Assaf terus tampil bukan untuk turun ke lapangan, melainkan karena kecanduan berkompetisi. Sama seperti ketika Assaf mengirim pesan kepada McCullough setelah serangkaian cedera punggung untuk menanyakan apakah sepak bola membutuhkan lebih dari dirinya, dia akan memilih otak Wojcik tentang setiap detail pertahanan lawan, apakah itu Duke, Virginia atau North Carolina. Assaf hanya ingin tahu. Dan dia akan terus bertanya sampai dia melakukannya.
“Dia adalah orang yang datang pada jam kantor dengan membawa daftar 30 pertanyaan. Bukan karena dia ingin mendapat nilai lebih baik, tapi karena dia sebenarnya ingin tahu,” kata ayah Fred Assaf. “Anggota keluarga yang lain berkata, ‘wah, ini gila.’ Dan Sam berkata, ‘Aku tidak tahu harus berbuat apa di hari liburku.’
Nantinya, Assaf akan memiliki lebih banyak lagi. Sebagai mahasiswa pascasarjana, ia berencana untuk mempertahankan rutinitas ini di musim gugur, membagi waktu antara sepak bola dan lacrosse. Tapi musim semi mendatang dia hanya akan menjadi satu-satunya, tidak ada lagi latihan musim dingin, tidak ada lagi sepak bola musim semi. Mungkin dia akan memainkan beberapa permainan lacrosse lagi setelah hanya bermain satu kali musim lalu. Tapi bukan itu intinya. Dia hanya ingin memeras setiap pengalamannya di Notre Dame.

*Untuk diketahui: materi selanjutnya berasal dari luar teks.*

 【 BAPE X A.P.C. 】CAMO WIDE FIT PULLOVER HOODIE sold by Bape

“Saya suka mendorong diri sendiri dan mencoba melakukan yang terbaik yang saya bisa dan membuat segalanya lebih baik,” katanya. “Saya tidak ingin menyelesaikan kuliah dengan penyesalan atau, ‘Sobat, saya bisa bermain lebih banyak jika saya berusaha lebih keras’.”

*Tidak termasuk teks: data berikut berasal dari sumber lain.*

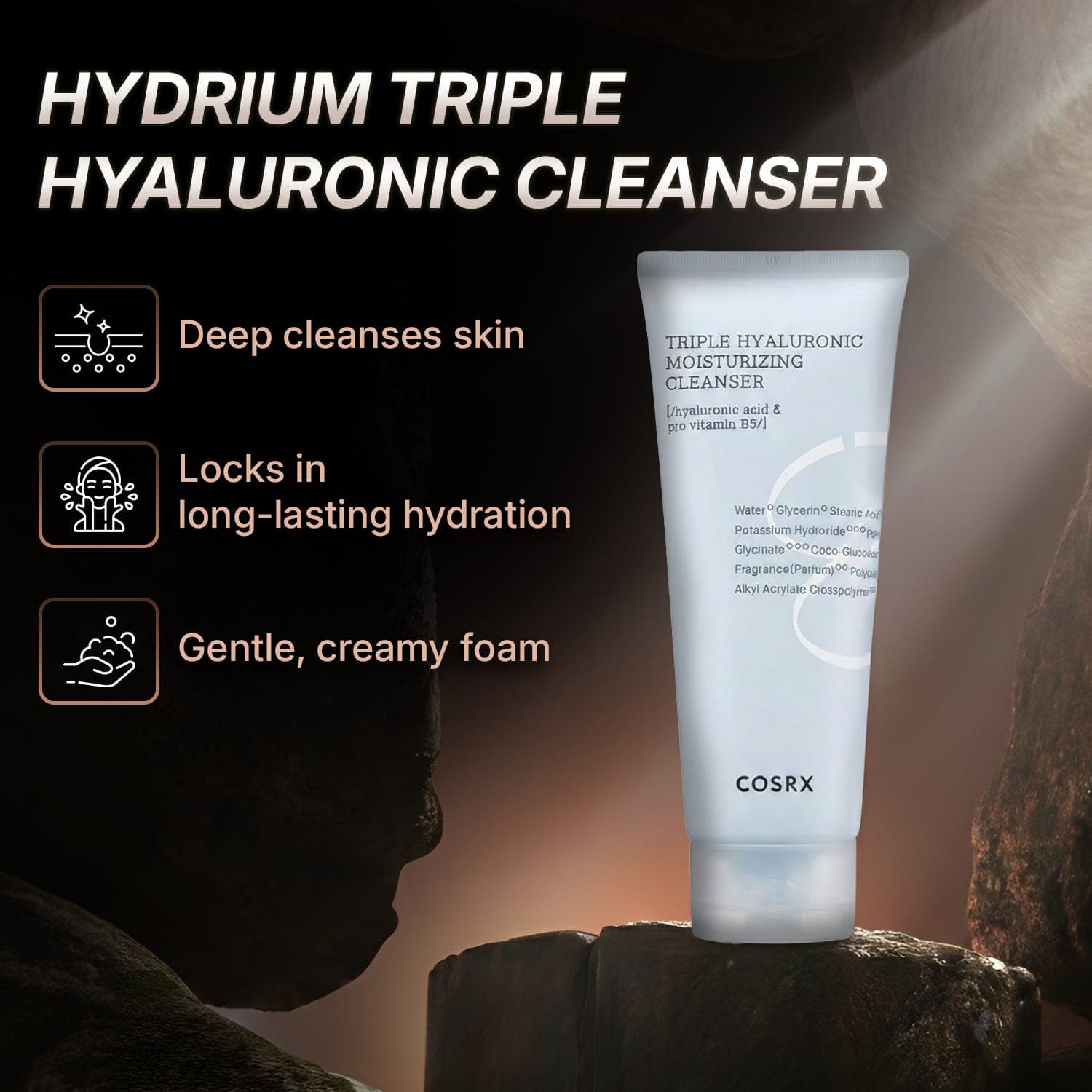 Cosrx Hydrium Triple Hyaluronic Moisturizing Cleanser - 5.07 oz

Saat permainan Biru-Emas berakhir, Assaf berbaur dengan Estime dan Payne dan tertawa tentang bagaimana walk-on yang tidak pernah bermain lari di sekolah menengah menjadi bagian dari ruangan. Assaf mengapresiasi momen tersebut, baik karena ia bisa bermain maupun karena ia lebih memahami bagaimana rasanya menjadi Estime, setidaknya untuk suatu sore di bulan April.
Sebelum meninggalkan lapangan, Assaf menemui ayahnya dan mengambil foto untuk mengenang sore itu. Bagi sebagian besar, pertandingan musim semi mungkin diingat untuk kompetisi quarterback atau penerima mahasiswa baru. Bagi Sam Assaf, hal itu akan dikenang untuk hal lain. Saat para pemain menuju ruang ganti, Assaf meluangkan waktu berjalan melewati terowongan. Dia adalah pemain terakhir yang meninggalkan lapangan.
“Tidak sengaja,” kata Assaf. “Saya pikir saya mungkin hanya lambat.”